In computer science, a hash function is a many-to-one function that takes lengthy input, massages it, and produces vastly shorter output of a fixed length, called the hash. While the output looks random, the function has no randomness, and the actual function is well-known to everyone. Identical inputs will always produce the same output. But if two inputs differ even slightly, they will have wildly different outputs—this is a design criteria for most hash functions. Similarly, we might require that if we know the hash (output), it is very hard to manufacture input to the hash function to produce that output. For the hash function used in git it is highly unlikely that two different inputs (commits) will produce the same output (hash). So the commit hash is similar to how we use fingerprints or retinal scans to identify humans. If you want to learn more, git uses the SHA-1 hash function, whose tamperproof properties were designed for use in cryptographic applications. It is no longer considered secure for that purpose, but works fine for use in git.

The input git uses to form the hash include things like your name, the date, the commit message, the changes in the commit, and most importantly, the commit hash of the previous commit in the sequence on the branch. This is similar to the blockchain technology used in BitCoin, and lately a darling of fintech (financial technology). A sequence of blocks of information and their hashes, each formed with input including the previous hash, makes it practically impossible to tamper with any one piece of information without radically disturbing every subsequent hash.

Return to the fast-forward merge above to see that there was absolutely no change in the information for each commit and there was no disruption in the sequence (chain) of commits.
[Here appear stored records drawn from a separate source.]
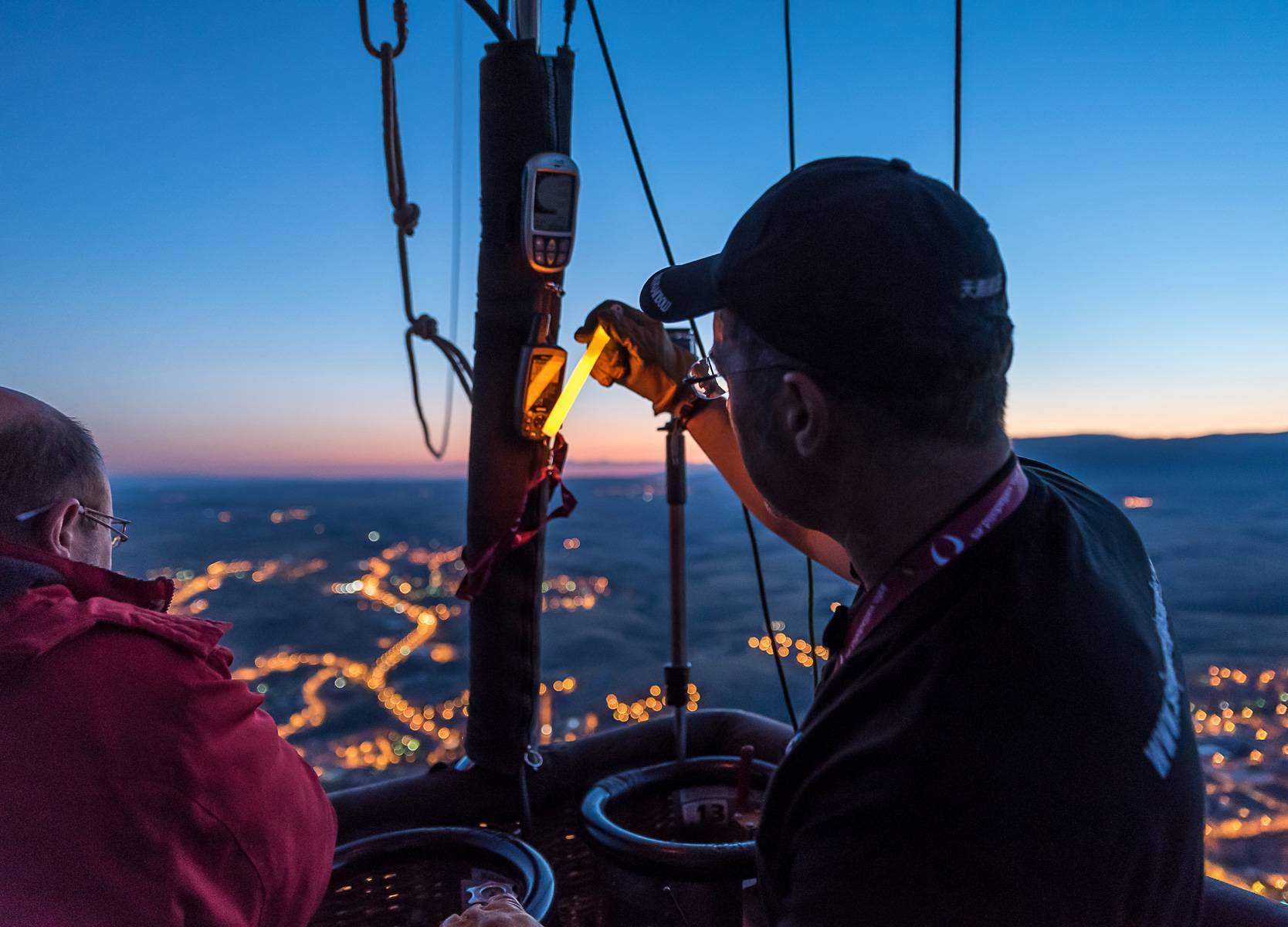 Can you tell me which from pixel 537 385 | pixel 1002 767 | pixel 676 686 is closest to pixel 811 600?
pixel 676 686

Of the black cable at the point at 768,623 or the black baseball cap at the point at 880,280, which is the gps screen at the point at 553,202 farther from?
the black baseball cap at the point at 880,280

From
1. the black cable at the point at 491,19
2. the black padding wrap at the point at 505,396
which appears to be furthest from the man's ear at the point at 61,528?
the black cable at the point at 491,19

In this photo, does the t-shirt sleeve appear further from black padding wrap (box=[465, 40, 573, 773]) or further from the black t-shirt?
black padding wrap (box=[465, 40, 573, 773])

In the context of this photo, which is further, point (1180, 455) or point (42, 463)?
point (1180, 455)

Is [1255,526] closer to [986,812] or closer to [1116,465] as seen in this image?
[1116,465]

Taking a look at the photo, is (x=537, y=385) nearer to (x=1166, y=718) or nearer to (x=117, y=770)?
(x=117, y=770) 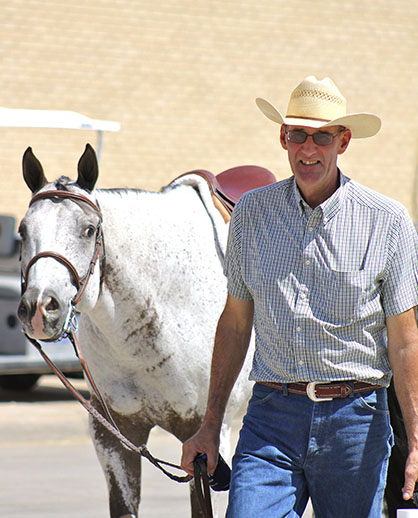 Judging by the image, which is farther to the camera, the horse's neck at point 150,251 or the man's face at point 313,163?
the horse's neck at point 150,251

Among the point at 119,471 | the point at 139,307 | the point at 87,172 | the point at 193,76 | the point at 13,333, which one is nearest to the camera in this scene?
the point at 87,172

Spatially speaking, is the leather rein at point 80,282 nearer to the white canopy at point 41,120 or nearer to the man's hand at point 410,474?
the man's hand at point 410,474

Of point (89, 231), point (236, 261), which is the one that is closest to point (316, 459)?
point (236, 261)

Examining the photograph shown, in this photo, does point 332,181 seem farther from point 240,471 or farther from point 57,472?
point 57,472

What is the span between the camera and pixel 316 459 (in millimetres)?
3293

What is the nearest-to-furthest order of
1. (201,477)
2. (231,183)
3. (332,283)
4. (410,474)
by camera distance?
(410,474), (332,283), (201,477), (231,183)

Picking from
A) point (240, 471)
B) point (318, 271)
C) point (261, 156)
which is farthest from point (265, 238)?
point (261, 156)

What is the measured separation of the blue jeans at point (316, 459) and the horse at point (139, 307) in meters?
1.30

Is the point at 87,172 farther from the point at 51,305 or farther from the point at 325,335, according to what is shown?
the point at 325,335

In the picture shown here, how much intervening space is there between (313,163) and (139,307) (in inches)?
60.8

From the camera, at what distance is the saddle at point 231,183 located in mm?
5051

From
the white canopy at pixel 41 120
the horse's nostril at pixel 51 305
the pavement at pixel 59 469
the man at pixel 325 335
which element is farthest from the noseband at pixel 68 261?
the white canopy at pixel 41 120

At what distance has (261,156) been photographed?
1605 cm

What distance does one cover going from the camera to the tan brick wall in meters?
14.8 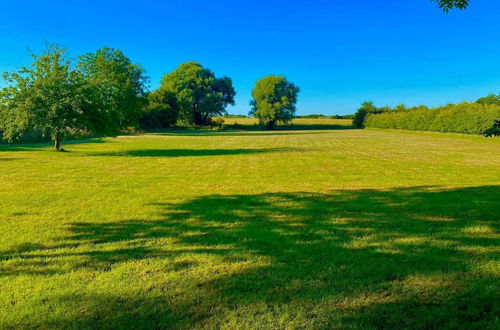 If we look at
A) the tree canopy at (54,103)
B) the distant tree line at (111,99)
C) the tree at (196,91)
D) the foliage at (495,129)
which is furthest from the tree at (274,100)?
the foliage at (495,129)

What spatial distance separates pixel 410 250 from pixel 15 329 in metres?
5.16

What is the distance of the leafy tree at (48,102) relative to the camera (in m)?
18.3

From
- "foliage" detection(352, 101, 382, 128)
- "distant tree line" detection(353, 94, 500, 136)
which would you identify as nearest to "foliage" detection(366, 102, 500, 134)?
"distant tree line" detection(353, 94, 500, 136)

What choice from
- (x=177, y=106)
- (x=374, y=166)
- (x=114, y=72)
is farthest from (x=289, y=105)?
(x=374, y=166)

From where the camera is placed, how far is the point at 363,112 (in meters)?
96.4

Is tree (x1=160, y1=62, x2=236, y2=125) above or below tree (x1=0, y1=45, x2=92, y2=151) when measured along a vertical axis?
above

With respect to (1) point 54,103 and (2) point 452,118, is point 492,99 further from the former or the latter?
(1) point 54,103

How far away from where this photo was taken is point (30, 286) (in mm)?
3861

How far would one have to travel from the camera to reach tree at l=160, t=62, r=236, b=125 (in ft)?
243

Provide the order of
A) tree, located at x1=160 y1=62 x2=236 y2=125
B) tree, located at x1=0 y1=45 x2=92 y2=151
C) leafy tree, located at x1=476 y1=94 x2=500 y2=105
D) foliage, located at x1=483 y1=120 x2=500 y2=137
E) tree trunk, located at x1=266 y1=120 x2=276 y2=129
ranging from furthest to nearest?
tree trunk, located at x1=266 y1=120 x2=276 y2=129 → tree, located at x1=160 y1=62 x2=236 y2=125 → leafy tree, located at x1=476 y1=94 x2=500 y2=105 → tree, located at x1=0 y1=45 x2=92 y2=151 → foliage, located at x1=483 y1=120 x2=500 y2=137

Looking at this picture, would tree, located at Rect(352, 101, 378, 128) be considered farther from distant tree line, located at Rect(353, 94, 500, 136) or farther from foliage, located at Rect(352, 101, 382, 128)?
distant tree line, located at Rect(353, 94, 500, 136)

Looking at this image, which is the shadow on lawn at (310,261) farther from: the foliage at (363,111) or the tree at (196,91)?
the foliage at (363,111)

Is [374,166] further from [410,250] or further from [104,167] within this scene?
[104,167]

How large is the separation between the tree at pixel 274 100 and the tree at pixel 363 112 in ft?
75.5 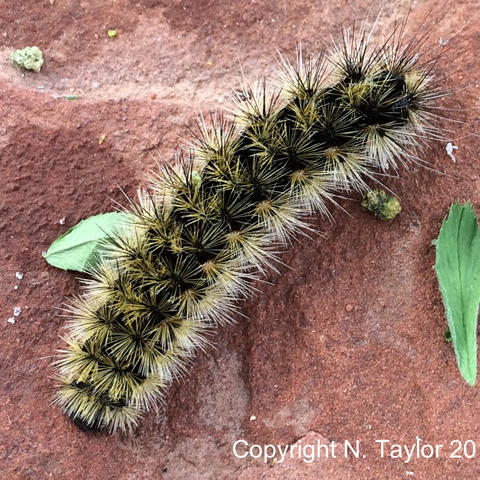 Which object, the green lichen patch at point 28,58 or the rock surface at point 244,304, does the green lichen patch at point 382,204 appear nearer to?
the rock surface at point 244,304

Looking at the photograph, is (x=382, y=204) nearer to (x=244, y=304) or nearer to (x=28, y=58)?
(x=244, y=304)

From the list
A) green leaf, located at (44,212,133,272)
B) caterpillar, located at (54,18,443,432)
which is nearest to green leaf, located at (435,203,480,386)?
caterpillar, located at (54,18,443,432)

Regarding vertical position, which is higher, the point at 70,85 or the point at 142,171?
the point at 70,85

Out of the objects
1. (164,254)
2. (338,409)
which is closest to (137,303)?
(164,254)

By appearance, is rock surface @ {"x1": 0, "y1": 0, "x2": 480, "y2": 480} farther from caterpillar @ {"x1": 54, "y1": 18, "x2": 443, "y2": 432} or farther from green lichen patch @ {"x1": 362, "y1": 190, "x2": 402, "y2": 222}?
caterpillar @ {"x1": 54, "y1": 18, "x2": 443, "y2": 432}

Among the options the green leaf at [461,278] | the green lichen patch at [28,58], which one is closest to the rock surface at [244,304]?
the green lichen patch at [28,58]

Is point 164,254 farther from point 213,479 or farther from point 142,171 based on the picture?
point 213,479

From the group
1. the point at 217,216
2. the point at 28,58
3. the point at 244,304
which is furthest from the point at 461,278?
the point at 28,58
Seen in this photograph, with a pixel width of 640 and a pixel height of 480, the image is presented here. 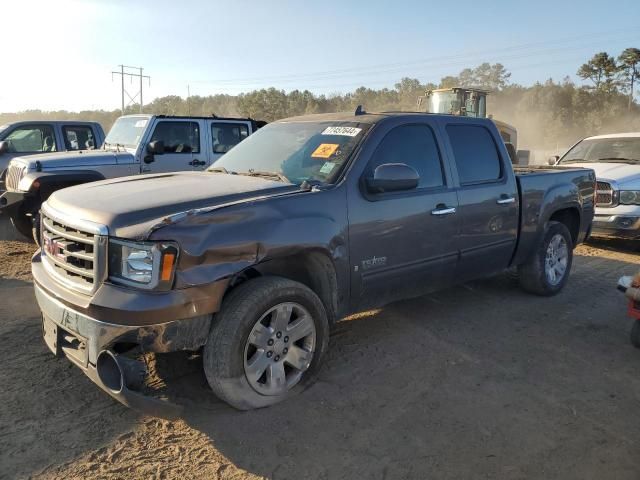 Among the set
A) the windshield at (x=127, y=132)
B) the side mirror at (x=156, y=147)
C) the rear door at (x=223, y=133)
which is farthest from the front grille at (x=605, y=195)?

As explained, the only thing that really happened was that the master block pointer was changed to point to a new commit, the tip of the heroine branch.

Contrast that to when we rebased the hero branch onto the master branch that contained the typo fix. git rewound the commits on hero up to the old branch point, but then replayed them onto a commit (the tip of master) with a different commit hash. All of the replayed commits from the hero branch (we just had one) will have their commit hashes recomputed and will be radically different since the hash of the tip of master is an input to the first commit of the rewound branch. The previous hash(es) are meaningless (and lost to time). Notice that git updates the branch pointer hero to use a new hash from the tip of the replayed branch.

This is a principle that will be important once we get social and work with others.